More details in these links:
http://www.railway-technology.com/projects/karlsruhe/

http://web.presby.edu/~jtbell/transit/Karlsruhe/

"In the case of JPods, transport requires 200 watt-hours to move a pallet of cargo or 4 people a mile. "

My electric bike will take me a mile for 15 watts (without peddling) and go pretty much anywhere I want it to go. You can electrify a bike for as little as $400.

I'm sorry. Your obvious point will be ignored by BillJames as it does not support what he's a pimp'n.

(and 15 watts for a mile? Damn, that is better than any of my elecro-bikes)

The basic mechanics were recommended by US DOT in 1975 (PB-244854) as a way to permanently prevent future oil embargoes.

So hanging, moving baskets in one land mass will prevent other land masses from withoiding material extracted from the sub-soil. An amazing power hanging moving baskets have!

We will have to re-tool, but that re-tooling will create jobs and pay for itself with gas savings.

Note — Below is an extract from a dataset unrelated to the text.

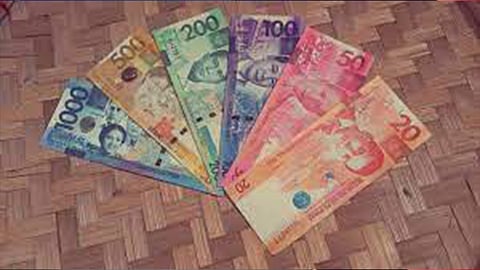 Aguinaldo-giving, creative way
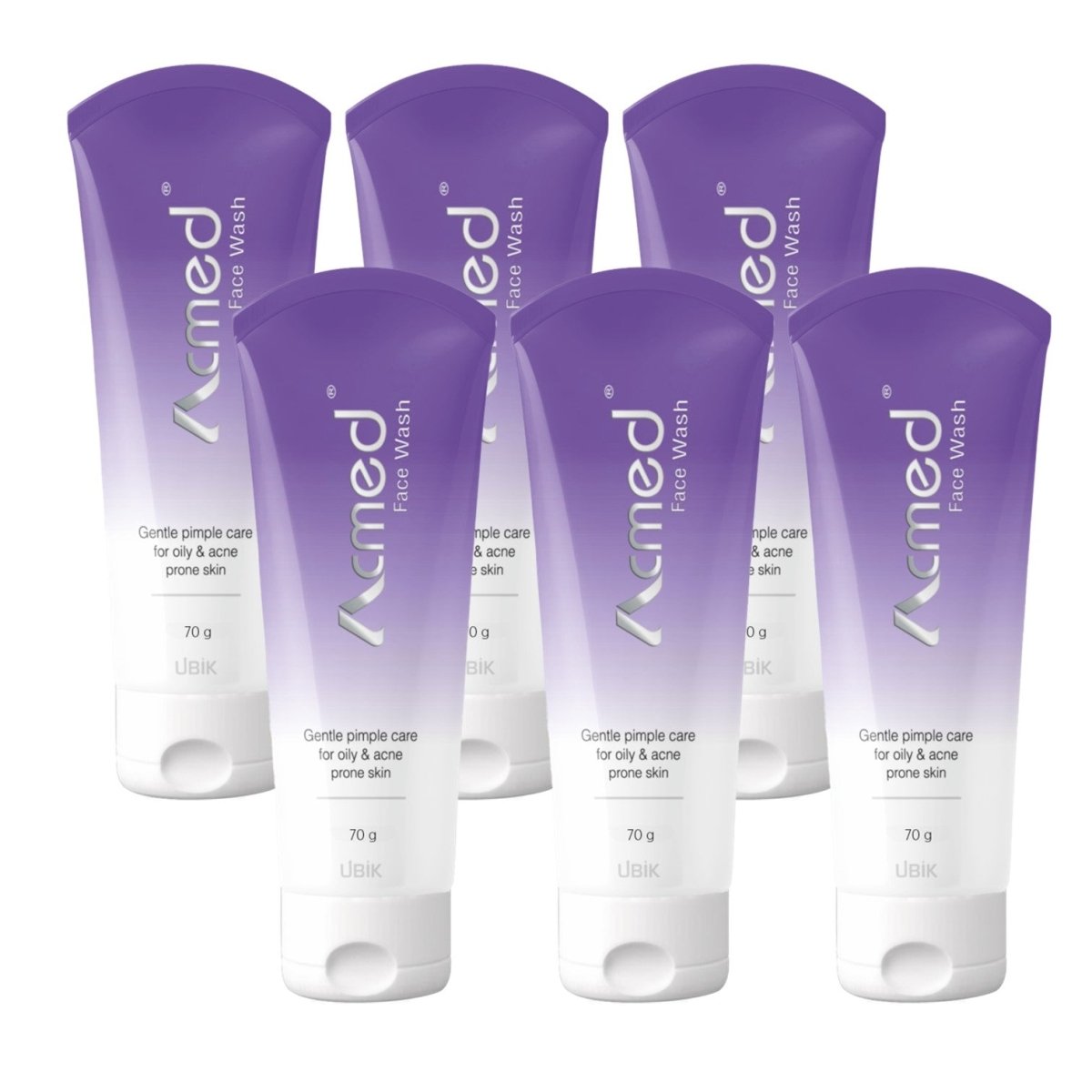 Acmed Pimple Care Face Wash for Acne Prone Skin - Swadesiicart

Interesting claim. Yet in other posts you claim your for-profit solution is a 'niche' solution - and here you state urban transport - not a niche market.

And yet you still have not addressed the public takings of private land for your private profit. Or how you expect others (TOD) to support your private profit.

(nice pandering/hoping to get on the government dole with the yellow 'support the troops' in the picture. Most cars/SUVs have stopped sporting such, and the stores had such Support-Americans-by-Buying-Stuff-Made-in-China in the closeout-discount rack over a year ago. If you want the governments money these days - make the jpod a weapons system.)